The characters of Street Time often find it hard to say what they mean, out of self-defensive reserve as much as fear or misgiving. Given that so many drama series are premised on exposition via dialogue, Street Time‘s alternative strategies are not a little refreshing: cinematographers Bert Dunk and Jonathan Freeman find powerful ways to convey relationships and concerns visually — even aside from the handheld camera that prevails in all current cop shows. The look of the show is dark and angsty, with claustrophobic framing in offices and apartments, clubs and streets. One particularly effective moment in the season opener shows Kevin in a space clearly marked as “limbo” — in a holding cell before a parole hearing with his lawyer, he changes from his orange jumpsuit to a suit; behind him, the wall is stenciled, “Maintain low tones.” In the moral and legal morass of “street time,” no one likes a boat-rocker.
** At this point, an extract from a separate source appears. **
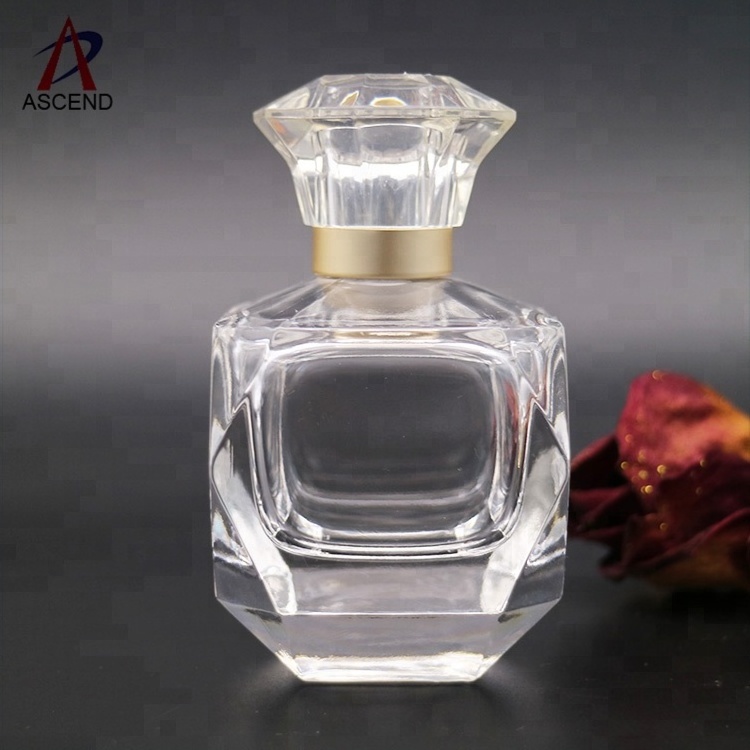 clear diamond perfume bottles 100ml spray bottle packaging with flower shaped cap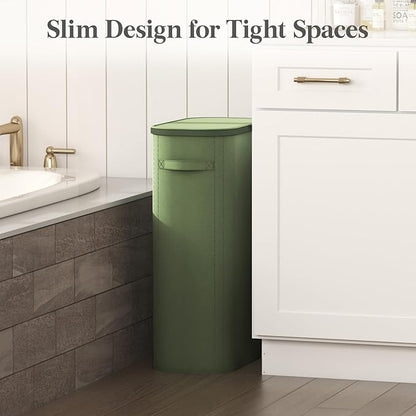 Lifewit Slim Laundry Basket with Lid, Narrow Large Laundry Hamper with Plastic Handles and Removable Bag, Tall Foldable Dirty Clothes Hampers for Laundry Room, Bedroom, Bathroom, Dorm, 65L Green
Thus, Dee and James’ instant apprehension when they learn that Ann Valentine (Allegra Fulton), has been replaced by Lucius Mosley (Terrence Dashon Howard) as supervisor of the Special Offenders Unit. The one thing they all agree on immediately is that they don’t trust one another. Te first order of business is the investigation of Skouras’ murder and Burt’s capture. (This even as the other POs agree on Skouras’ lack of character: “The guy was unstable,” offers one in defense of James’ witnessing of the murder; “He was a piece of shit,” confirms another.) Lucius’s arrival looks bad for James. “They’re gonna investigate your ass,” warns his partner Dee.
Their own efforts to track down Burt begin with interviews; they call in a room full of offenders, anyone with an ear to the street. Looking out at them, “antsy and freaked,” the officers know they’re fearful that “we’re gonna be all over them, and they’re right.” Distrust flows all ways. And yet, Lucius observes with a sage stillness, “Sometimes you get more by trusting these people than by busting them.” The good POs know that already, and Dee and James resent this “paper pusher from Washington” presuming to tell them how to do their jobs.
As before, their jobs are stressful and unpredictable, premised on lack of trust, that is, assuming offenders as well as supervisors, are lying. Street Time makes these tenuous relationships visible, exposing their weak points and their necessary strengths, the institutional and individual racism, classism, and often brutal misogyny that prop up the penal system, as well as the POs’ and offenders’ efforts to work through and around such prejudices. When, at the end of “20 Shots,” Dee and James finally do locate Burt, he’s reached his absolute end, strung out, furious, and confused except for one thing: this military veteran trusts no one. That he’s also killed his wife and left her body parts in the freezer suggests the extent to which he’s absorbed the very order and rules he so resents. She deserves it, he reasons. She was his and she cheated. He trusted her. And in this indeterminate universe, trust is costly, for everyone.
As it begins a new season, Street Time looks to be amplifying its ambiguities, which is not to say that it clarifies them or invites you to feel comfortable with them. Instead, it pushes you to feel costs.